The Fool’s Tale by Nicole Galland.
posted by sallybrown at 12:07 PM on June 26, 2019


I just read Me Before You and its two sequels and think that particularly the first one fits this bill, but also the second in the trilogy (After You). And the third is just good so you should read that too. That is totally not a genre of books that I normally read but I thought that these were smart, engaging books.
posted by urbanlenny at 12:13 PM on June 26, 2019 [1 favorite]


Ye olde The Sorrows of Young Werther? I haven't read it in ages, so I don't recall if there are dodgy m/f power dynamics, but there is a reason I use the phrase "Werthering around" when I am pining for someone.

Also you can just ask me to recount my relationship with my artistic muse hahaha.
posted by Young Kullervo at 12:33 PM on June 26, 2019 [1 favorite]


NB Werther super does not have a happy ending!
posted by Smearcase at 12:36 PM on June 26, 2019 [3 favorites]


I mean...he DOES eventually resolve his pining hahaha.

I'll show myself out.
posted by Young Kullervo at 12:38 PM on June 26, 2019 [3 favorites]


I am really enjoying the Veronica Speedwell books, where the protagonists are engaged in just this dance. Avoids much of the typical m/f power crap of Victorian England with the Plucky Orphan trope (you find this out on like, page 2 of book 1), so.

Since you bring it up (mild spoiler), I feel like she's dragging out the "will they or won't they" a book or so longer than she needs to, but they're still really good.
posted by joycehealy at 12:50 PM on June 26, 2019 [2 favorites]


Having literally just sped through the four available Veronica Speedwell books, I will second the recommendation, with the caveat that I feel like the first two-thirds of the first book occasionally skates too close to tired m/f power dynamics. So just as a note, their dynamic gets way better after that, when they become very firmly equal partners.
posted by yasaman at 12:53 PM on June 26, 2019 [3 favorites]


Upon reflection, I will cosign yasaman's comment; book 1 does have issues. Payoff is worth it. :)
posted by joycehealy at 1:01 PM on June 26, 2019


I love Julia Spencer-Fleming’s series of mysteries featuring Sheriff Russ Van Alstyne/Episcopal priest Clare Ferguson mysteries. They pine for book after book after book while solving mysteries in a small upstate NY town. Mysteries are not really my thing; angsty love stories totally are.

KJ Charjes’ A Gentleman’s Position has lovely heartaching pining: valet and his boss in mutual love they think they can’t act on. Her other books in the series are good, too, but this one has the pining in spades.
posted by Orlop at 1:04 PM on June 26, 2019 [4 favorites]

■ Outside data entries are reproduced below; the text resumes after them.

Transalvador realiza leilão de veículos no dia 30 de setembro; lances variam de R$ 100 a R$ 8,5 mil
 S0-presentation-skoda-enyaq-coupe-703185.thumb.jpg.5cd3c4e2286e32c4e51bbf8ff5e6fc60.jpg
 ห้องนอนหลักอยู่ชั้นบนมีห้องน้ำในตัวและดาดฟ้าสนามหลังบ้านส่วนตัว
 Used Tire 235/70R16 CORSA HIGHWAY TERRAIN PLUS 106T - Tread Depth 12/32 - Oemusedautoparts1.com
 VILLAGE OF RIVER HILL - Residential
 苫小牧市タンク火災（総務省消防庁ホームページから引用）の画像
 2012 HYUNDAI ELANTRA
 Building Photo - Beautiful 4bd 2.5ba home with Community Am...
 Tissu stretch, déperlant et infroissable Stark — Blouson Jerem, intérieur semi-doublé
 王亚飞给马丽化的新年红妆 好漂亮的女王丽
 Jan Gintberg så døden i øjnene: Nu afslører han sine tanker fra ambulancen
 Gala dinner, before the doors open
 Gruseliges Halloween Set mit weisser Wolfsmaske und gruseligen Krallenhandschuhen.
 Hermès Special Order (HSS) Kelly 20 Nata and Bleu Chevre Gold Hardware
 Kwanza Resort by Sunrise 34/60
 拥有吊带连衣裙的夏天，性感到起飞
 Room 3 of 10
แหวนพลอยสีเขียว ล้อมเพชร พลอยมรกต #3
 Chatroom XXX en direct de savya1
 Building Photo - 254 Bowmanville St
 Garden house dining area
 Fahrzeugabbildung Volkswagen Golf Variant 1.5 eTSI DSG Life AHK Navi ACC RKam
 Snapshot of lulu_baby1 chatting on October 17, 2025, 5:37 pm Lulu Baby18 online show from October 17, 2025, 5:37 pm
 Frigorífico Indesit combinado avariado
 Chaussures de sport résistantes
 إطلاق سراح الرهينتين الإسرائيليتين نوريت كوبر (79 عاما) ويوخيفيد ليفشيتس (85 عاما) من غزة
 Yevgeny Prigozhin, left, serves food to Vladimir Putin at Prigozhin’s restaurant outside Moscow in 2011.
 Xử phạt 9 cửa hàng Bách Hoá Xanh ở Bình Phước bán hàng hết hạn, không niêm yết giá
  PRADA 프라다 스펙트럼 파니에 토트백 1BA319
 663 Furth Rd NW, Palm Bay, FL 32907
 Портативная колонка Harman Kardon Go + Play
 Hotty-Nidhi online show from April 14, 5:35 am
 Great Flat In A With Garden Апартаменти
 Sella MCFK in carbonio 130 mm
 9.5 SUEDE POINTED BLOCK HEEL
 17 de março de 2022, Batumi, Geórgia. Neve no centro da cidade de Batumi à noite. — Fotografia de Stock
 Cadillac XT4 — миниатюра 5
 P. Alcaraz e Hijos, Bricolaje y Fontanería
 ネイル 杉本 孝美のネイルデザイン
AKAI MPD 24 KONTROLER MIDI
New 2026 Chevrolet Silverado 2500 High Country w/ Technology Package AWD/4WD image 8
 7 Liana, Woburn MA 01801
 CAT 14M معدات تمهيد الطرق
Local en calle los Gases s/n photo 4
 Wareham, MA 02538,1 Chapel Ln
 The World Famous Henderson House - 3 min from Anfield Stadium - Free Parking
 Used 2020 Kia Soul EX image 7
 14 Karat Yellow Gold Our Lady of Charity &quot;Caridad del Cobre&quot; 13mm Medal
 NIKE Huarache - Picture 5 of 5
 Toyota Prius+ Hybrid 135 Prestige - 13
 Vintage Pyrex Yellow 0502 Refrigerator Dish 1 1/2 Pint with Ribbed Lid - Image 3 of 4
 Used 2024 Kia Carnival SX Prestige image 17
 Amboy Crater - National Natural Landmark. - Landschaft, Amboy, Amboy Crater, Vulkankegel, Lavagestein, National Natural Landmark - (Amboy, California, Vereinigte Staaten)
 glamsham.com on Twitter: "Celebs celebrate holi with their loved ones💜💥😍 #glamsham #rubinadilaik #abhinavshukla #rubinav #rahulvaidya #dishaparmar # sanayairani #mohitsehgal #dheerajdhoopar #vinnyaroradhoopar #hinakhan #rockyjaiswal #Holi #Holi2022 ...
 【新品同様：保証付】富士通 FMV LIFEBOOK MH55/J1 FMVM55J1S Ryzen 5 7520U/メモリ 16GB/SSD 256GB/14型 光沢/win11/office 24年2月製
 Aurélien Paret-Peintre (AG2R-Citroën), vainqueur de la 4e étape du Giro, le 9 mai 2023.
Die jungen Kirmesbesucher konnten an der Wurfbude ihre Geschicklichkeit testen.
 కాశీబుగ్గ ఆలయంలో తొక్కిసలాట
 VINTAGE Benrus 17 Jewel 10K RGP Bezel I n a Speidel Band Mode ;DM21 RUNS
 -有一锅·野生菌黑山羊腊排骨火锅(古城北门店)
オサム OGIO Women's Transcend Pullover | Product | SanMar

Charles’ Think of England might fit the bill as well.
posted by Orlop at 1:06 PM on June 26, 2019 [1 favorite]


Okay, it's not a novel, it's a piano quartet. But it's the apotheosis of mutual pining and it's a great story, so here goes.

Brahms was helped in his career by Robert Schumann and his wife Clara. Clara was a leading pianist of the time, and performed many of Brahms' works. When Robert Schumann was confined to a sanatorium after a suicide attempt, Brahms acted as go-between for Robert and Clara. Clara, for reasons I don't know, wasn't able to visit her husband.

During this time, Brahms started to develop "feelings" for Clara. Given the complexity of the situation -- his mentor confined to an asylum -- Brahms couldn't act on his feelings. So instead, he wrote his third Piano Quartet, in C Minor, Opus 60 and poured his love, passion and the impossibility of the situation into the music. He even coded Clara's name into the notes. As the story goes, he showed the piece to Clara, she played it, and she understood.

Well, it would be a good story by itself, but the music is magnificent. You can hear the two lovers calling back and forth to each other. It's beautiful, and romantic, and sad.

If that fits your mood, you can listen to Brahms' Piano Quartet in C minor here.
posted by Winnie the Proust at 1:18 PM on June 26, 2019 [13 favorites]


Peter Carey’s Oscar and Lucinda.
posted by EXISTENZ IS PAUSED at 1:36 PM on June 26, 2019 [1 favorite]


Robin McKinley's the Outlaws of Sherwood definitely has this dynamic between Robin and Marian. They're all white (this is before the Moor got added to the mythos by the mid-80s ITV Robin Hood series) but the story definitely centers on both characters, not just Robin.
posted by lefty lucky cat at 2:50 PM on June 26, 2019


Amberlough trilogy. I don’t want to spoil anything, but I can definitely tell you that pining is a central plot point.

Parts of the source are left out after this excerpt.